Despite the ongoing human rights crisis of kidnapping, murder and intimidation, hundreds of thousands of Hondurans of all ages, classes, and regions took to the streets in rejection of the legitimacy of Lobo's presidency — and to prove that their demands for justice and a constituent assembly would not fade.

Organisers say it was the second largest demonstration since the coup d'etat. There were marches across the country. In the capital, protesters marched to the airport, where a sea of Honduran citizens danced, shouted slogans and showed tremendous spirit as they waited to watch their deposed president, Zelaya, board a plane for the Dominican Republic.

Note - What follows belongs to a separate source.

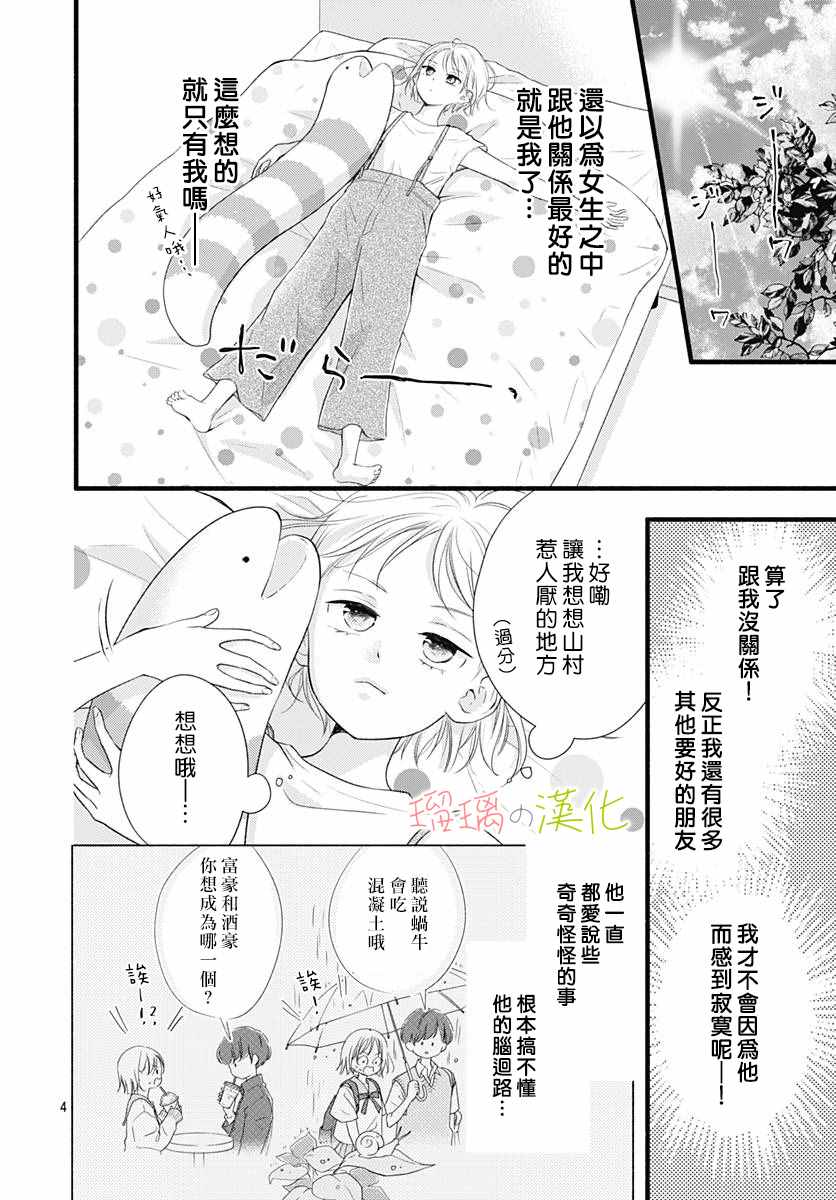 《亲密无间的我们》漫画最新章节第1话免费下拉式在线观看章节第【5】张图片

A stage was set-up on the field where 19-year-old Isis Obed Murillo was murdered by the army on July 5. Oben Murillo had joined hundreds of thousands of Hondurans at the airport that day for the expected return of Zelaya after the president had been exiled to Costa Rica in the coup. However, the army refused to let Zelaya's plane land.

Musicians played resistance songs and the names of the martyrs of the resistance were read.

The energy in the streets was exhilarating, a fresh tidal wave of unified opposition that revealed the National Resistance Front Against the Coup (FNRG) has only just begun to fight.

The demonstrations met with little repression, despite the presence of droves of police and soldiers, armed and in riot gear. The transfer of power to Lobo was not completely spotless, as demonstrators were harassed coming into the city, taken off buses and manhandled by police.

Worse, soldiers and police in the northern province of Colon carried out the second raid this month on campesinos (peasants) who had carried out land takeovers that were being legalised by Zelaya.

Three campesinos were wounded by gunfire from police and paramilitaries, and one remains in critical condition.